Throughout the book, Ackerman returns to the magic of dawn, which has enjoyed a special significance in culture and religion throughout history. Religious rites, prayers and festivals often take place at dawn. Ackerman cites the morning prayers known as Lauds, a practice that can be traced back to the Apostles.

She mourns the loss of dark, star-filled nights and cites the work of the Dark Sky Society, which seeks to restore “the grandeur of star-loaded night skies” by dimming lights and placing curfews on illuminated advertising signs.

The book celebrates the art of Claude Monet and the poetry of the late John O’Donohue. Ackerman marvels at Monet’s painting titled “Mornings on the Seine.” “Rising early,” she writes, “he would climb into the boat he’d transformed into a floating studio, and set out on the river, painting the sensations of dawn in thick, voluptuous swirls of color riddled with light.”

And in a lovely tribute to her friend O’Donohue, Ackerman notes that the famed Irish writer found in poetry “a form of endless rebirth, a mystical path to the divine.”

Lamentably, clocks, deadlines and noise have replaced the rhythms of nature. “Few,” Ackerman tells us, “wake to birdsong or watch the sunrise anymore.” But the author sits quietly in her yard in Ithaca, N.Y., in “data-free time, time away from clocks, e-mail, cell phones, computers, newspapers, televisions, radios and all the other purveyors of information that plug us in and plug us up.”

She mourns the social cost, believing that children today suffer from a “nature deficit disorder” that may affect their nervous systems and ability to handle stress.

While reading this enchanting book, I found myself paying closer attention to nature. On the back deck of my house one day, I stopped to watch a tiny bug climb a pole, wondering where it was headed and what it was doing. On another day, walking near a field in the early morning semi-darkness, I observed a fox 10 feet in front of me, perhaps looking for breakfast.

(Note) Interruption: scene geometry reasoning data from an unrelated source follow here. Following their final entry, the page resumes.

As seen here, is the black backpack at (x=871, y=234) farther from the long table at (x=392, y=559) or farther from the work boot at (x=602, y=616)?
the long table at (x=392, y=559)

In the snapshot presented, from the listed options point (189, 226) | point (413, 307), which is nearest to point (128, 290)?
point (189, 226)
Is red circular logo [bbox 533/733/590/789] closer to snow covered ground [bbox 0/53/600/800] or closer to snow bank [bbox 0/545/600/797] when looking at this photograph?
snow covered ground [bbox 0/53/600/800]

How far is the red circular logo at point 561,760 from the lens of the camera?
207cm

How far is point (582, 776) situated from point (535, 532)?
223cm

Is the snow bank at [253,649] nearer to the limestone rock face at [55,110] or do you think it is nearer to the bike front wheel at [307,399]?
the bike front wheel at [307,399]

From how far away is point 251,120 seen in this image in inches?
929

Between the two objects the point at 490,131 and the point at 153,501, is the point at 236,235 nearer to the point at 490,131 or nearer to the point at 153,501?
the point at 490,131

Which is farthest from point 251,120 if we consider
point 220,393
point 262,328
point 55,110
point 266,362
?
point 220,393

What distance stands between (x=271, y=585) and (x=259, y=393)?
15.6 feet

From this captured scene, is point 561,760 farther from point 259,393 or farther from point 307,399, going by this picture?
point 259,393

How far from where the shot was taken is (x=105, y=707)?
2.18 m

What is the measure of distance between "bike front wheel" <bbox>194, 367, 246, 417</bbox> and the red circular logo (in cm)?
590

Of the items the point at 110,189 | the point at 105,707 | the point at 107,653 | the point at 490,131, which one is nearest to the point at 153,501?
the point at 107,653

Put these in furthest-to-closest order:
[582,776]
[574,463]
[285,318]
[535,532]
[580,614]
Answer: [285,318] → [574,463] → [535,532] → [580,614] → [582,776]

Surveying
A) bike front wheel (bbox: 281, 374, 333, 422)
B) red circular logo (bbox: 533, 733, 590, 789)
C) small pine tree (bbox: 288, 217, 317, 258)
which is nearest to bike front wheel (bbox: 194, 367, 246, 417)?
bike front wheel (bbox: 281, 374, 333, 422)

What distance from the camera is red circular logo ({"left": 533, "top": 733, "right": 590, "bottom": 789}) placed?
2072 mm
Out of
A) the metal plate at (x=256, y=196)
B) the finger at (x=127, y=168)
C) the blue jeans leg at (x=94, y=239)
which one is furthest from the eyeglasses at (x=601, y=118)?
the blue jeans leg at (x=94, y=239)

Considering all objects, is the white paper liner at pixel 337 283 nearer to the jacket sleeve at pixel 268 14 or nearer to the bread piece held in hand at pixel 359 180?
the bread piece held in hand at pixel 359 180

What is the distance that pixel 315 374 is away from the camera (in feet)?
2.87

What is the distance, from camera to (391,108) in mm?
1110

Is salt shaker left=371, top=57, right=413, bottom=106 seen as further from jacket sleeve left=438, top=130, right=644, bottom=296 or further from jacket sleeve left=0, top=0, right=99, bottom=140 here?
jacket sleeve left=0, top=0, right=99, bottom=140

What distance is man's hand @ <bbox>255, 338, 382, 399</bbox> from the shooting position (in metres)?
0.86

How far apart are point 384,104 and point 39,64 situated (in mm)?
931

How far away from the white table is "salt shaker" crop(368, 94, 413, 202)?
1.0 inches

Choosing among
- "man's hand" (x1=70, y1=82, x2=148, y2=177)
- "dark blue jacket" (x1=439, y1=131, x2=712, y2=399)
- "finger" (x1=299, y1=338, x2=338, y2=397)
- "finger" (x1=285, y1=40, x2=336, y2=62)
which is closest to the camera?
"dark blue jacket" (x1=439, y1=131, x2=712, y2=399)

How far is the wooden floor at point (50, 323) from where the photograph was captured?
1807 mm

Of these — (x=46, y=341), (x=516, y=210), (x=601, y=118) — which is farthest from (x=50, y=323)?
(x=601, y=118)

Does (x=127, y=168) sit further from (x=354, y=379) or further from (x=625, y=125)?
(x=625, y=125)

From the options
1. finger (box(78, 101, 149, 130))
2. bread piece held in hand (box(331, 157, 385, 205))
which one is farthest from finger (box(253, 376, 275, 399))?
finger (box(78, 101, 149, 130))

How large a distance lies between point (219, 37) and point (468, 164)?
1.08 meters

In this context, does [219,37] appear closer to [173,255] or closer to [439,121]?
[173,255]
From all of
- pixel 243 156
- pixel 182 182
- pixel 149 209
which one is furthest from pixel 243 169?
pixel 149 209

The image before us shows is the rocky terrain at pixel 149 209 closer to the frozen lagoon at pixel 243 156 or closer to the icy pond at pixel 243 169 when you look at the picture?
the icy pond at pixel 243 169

“Born into a world of light,” Ackerman writes, “my senses will mature and will decay. But until they do they are the gateways to the mysterious kingdom in which I find myself, one I could not have imagined, a land not entirely of hope and glory, yet no less beautiful for that.”

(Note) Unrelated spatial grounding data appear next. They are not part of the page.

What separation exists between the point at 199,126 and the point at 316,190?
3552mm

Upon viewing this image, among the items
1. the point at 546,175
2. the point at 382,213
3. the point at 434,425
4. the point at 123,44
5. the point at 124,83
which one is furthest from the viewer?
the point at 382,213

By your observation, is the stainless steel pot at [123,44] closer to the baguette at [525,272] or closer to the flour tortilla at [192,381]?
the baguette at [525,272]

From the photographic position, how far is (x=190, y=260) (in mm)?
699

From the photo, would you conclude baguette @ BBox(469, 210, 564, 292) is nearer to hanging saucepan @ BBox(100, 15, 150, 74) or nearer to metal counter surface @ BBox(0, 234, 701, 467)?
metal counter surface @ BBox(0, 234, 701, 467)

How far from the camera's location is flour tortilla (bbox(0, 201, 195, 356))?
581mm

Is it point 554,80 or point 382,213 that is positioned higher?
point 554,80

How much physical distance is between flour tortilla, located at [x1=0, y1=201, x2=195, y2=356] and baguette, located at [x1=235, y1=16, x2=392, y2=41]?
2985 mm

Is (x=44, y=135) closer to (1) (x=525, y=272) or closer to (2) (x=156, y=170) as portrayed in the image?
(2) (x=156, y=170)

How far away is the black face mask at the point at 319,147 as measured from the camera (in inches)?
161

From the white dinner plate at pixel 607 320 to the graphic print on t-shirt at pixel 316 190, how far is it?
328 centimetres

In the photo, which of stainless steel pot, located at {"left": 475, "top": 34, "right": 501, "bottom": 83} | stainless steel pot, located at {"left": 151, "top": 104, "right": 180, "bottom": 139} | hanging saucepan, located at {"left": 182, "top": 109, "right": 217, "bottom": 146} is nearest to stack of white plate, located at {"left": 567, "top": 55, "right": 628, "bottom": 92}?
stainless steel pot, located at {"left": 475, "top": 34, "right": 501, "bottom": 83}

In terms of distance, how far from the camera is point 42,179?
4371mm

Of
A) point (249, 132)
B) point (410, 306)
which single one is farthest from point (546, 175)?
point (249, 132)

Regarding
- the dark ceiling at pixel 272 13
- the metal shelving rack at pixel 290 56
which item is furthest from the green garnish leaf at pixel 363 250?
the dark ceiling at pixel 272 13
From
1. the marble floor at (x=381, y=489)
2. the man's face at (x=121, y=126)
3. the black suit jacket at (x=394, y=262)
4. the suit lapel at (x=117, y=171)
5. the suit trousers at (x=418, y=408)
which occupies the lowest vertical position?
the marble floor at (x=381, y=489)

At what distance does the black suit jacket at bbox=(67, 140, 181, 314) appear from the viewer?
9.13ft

And, finally, she offers this sage advice: “Just show up, that’s all we have to do, that’s all I do when I am fully present, for good or bad, right here, right now, without thinking about work or recess.”

Bill Williams is a freelance writer in West Hartford, Conn., and a former editorial writer for The Hartford Courant. He is a member of the National Book Critics Circle.